→ **DATA EXTRACT**:
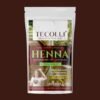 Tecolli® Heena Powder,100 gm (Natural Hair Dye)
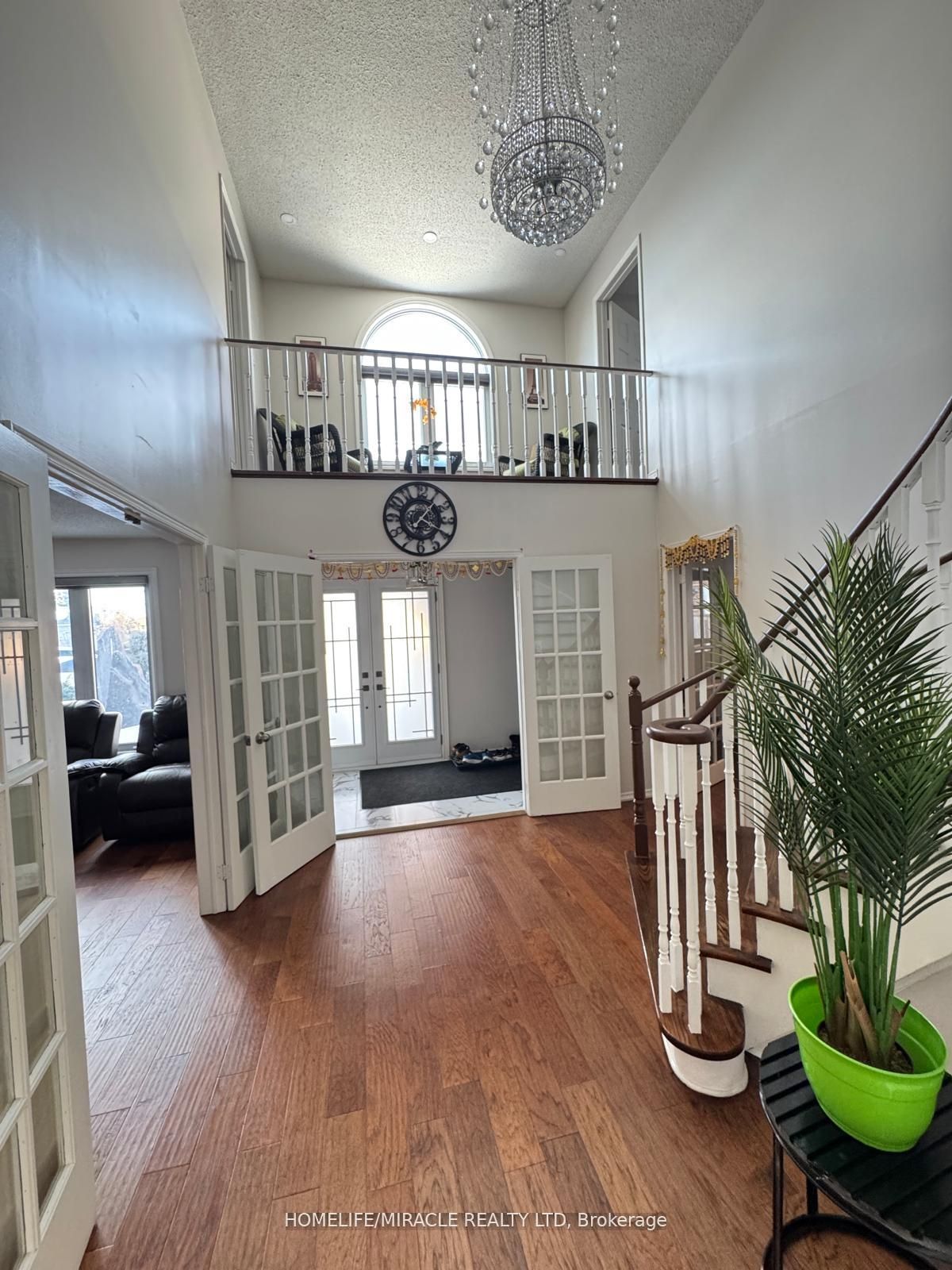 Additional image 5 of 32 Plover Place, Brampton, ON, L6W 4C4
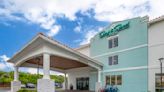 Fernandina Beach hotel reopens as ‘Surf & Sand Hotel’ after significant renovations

→ **TASK TO CARRY OUT**:
Print the whole listing above exactly, and keep every picture out of the copy.

→ **WORKED SOLUTION**:
 Tecolli® Heena Powder,100 gm (Natural Hair Dye)
 Additional image 5 of 32 Plover Place, Brampton, ON, L6W 4C4
 Fernandina Beach hotel reopens as ‘Surf & Sand Hotel’ after significant renovations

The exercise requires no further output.